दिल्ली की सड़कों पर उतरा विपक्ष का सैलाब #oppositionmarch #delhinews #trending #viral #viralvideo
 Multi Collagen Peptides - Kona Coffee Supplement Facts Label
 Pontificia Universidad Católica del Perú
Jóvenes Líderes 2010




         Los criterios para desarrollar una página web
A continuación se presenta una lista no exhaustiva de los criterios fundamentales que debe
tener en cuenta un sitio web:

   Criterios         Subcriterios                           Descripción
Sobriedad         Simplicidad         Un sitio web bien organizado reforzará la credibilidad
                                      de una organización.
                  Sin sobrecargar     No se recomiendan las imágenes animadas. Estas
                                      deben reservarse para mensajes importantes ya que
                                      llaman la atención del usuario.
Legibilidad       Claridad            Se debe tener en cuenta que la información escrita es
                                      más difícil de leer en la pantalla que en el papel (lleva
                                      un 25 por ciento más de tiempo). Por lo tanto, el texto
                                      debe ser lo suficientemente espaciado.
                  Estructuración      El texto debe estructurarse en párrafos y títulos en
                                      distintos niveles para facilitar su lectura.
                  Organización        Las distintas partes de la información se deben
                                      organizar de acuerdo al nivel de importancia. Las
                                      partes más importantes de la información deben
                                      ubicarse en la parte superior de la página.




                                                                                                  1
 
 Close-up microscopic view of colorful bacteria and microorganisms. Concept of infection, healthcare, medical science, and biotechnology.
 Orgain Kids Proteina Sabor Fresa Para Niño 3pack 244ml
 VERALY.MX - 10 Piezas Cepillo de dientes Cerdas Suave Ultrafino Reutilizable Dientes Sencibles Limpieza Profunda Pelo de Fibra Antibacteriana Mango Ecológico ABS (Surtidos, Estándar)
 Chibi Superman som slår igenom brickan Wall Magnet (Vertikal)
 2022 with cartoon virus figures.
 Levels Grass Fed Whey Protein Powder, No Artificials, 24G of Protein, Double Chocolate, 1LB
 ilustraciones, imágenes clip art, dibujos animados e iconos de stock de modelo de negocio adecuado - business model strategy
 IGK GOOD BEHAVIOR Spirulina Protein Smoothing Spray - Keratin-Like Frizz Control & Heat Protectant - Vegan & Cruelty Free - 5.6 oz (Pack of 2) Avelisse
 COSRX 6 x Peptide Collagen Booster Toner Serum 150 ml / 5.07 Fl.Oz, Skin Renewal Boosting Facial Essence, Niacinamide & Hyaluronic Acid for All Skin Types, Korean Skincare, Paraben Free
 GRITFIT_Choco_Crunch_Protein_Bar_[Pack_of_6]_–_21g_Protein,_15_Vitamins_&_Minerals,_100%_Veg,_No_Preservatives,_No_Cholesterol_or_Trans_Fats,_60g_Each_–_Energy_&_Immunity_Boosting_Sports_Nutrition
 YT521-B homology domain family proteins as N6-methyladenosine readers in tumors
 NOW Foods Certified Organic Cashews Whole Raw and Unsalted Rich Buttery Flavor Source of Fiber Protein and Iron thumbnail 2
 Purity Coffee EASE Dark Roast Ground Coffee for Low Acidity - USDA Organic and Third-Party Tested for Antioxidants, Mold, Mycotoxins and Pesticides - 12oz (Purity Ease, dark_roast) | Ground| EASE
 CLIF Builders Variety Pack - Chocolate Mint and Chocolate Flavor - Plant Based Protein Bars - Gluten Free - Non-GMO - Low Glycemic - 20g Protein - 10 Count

_Exercise goal_: Proceeding from the line containing "información se deben" through the line containing "partes más importantes", transcribe the lines above exactly, both end lines included.

_Response below_:
                  Organización        Las distintas partes de la información se deben
                                      organizar de acuerdo al nivel de importancia. Las
                                      partes más importantes de la información deben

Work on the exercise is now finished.